» **The problem**
Look below for the line containing "独角鹿西洋古董Paul Louchet签名蓝色鎏金雕饰素胎瓷半圆型珍宝盒 商品图3"; from there through the line containing "STONEYBROOK - Residential", both lines included, please set down each line exactly and nothing else.

» **Data shown**
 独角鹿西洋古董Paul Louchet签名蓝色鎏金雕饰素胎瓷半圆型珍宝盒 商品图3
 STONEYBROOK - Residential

==

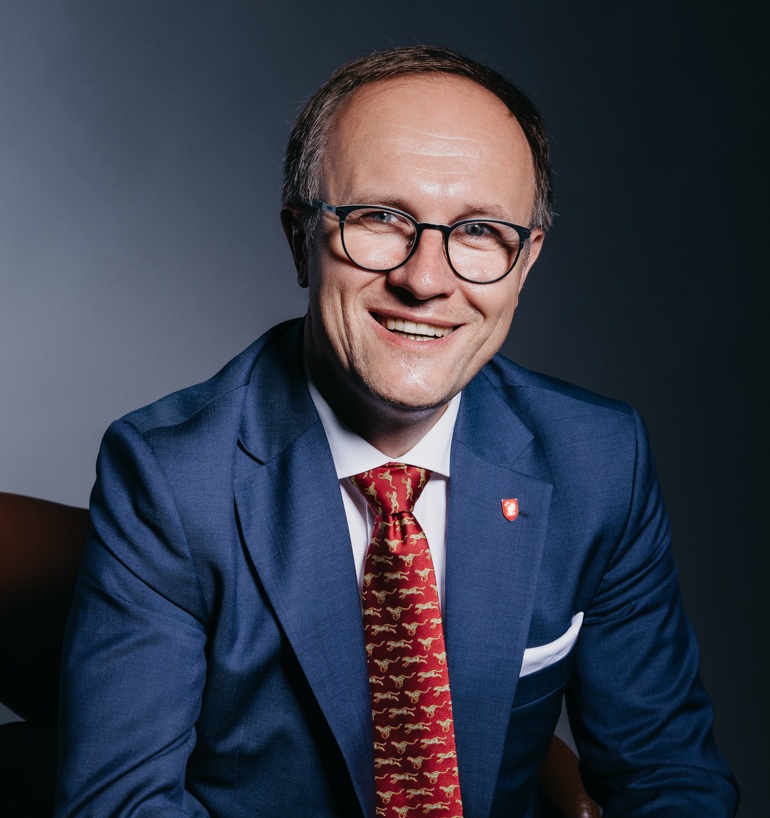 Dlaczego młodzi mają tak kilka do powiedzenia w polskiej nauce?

==

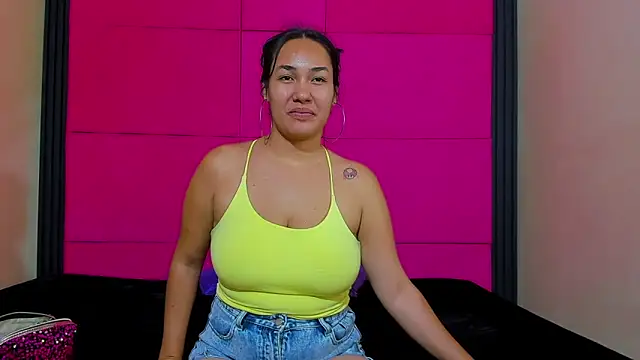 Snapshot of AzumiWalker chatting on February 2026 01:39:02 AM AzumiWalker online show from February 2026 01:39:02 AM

» **Problem solution**
 独角鹿西洋古董Paul Louchet签名蓝色鎏金雕饰素胎瓷半圆型珍宝盒 商品图3
 STONEYBROOK - Residential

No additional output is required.